Est-ce que vous arrivez à garder le moral ?
Oui. Il y a une bonne ambiance dans l’équipe. On se soutient beaucoup. On essaie de décompresser pendant les pauses. On rit ensemble.
Est-ce que vous êtes en colère sur la manière dont la crise a été gérée et sur l’arrivée de cette deuxième vague ?
Oui. On peut dire qu’on ressent de la colère concernant la manière dont les politiques ont géré, mais aussi sur la manière dont la population prend les choses à la légère. On ne veut plus d’applaudissements. C’était facile de nous applaudir pendant deux mois et puis de ne pas respecter les gestes barrière ou de remettre en cause l’usage du masque.

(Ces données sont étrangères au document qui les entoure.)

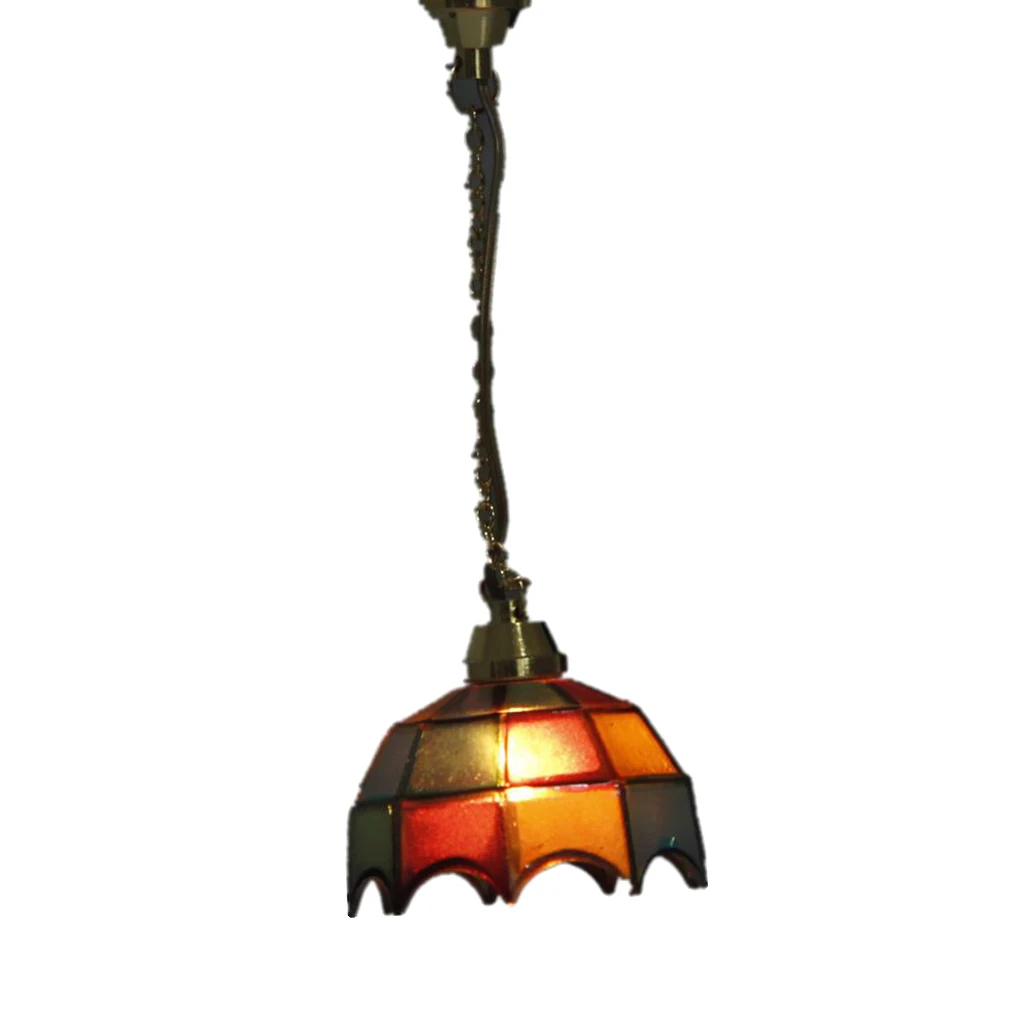 Dolls House Miniature Vintage MULTI-COLOR SHADE Hanging Lamp Ceiling Light 12V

C’était facile de nous applaudir pendant deux mois et puis de ne pas respecter les gestes barrière ou de remettre en cause l’usage du masque.
De plus en plus de gens ont un comportement à risque. Si les gens gardaient leur masque et leurs distances, on n’en serait pas là aujourd’hui.
Après la première vague, beaucoup de personnes se sont dit que c’était terminé. Ils ont recommencé à se faire la bise, ils n’ont plus porté leur masque au travail, etc. On voit le résultat aujourd’hui.
C’est dur pour le moral. On vient de perdre un patient qu’on a soigné pendant six semaines. On finit par se dire : « à quoi bon ? » On se bat encore et encore. Et puis nous y revoilà.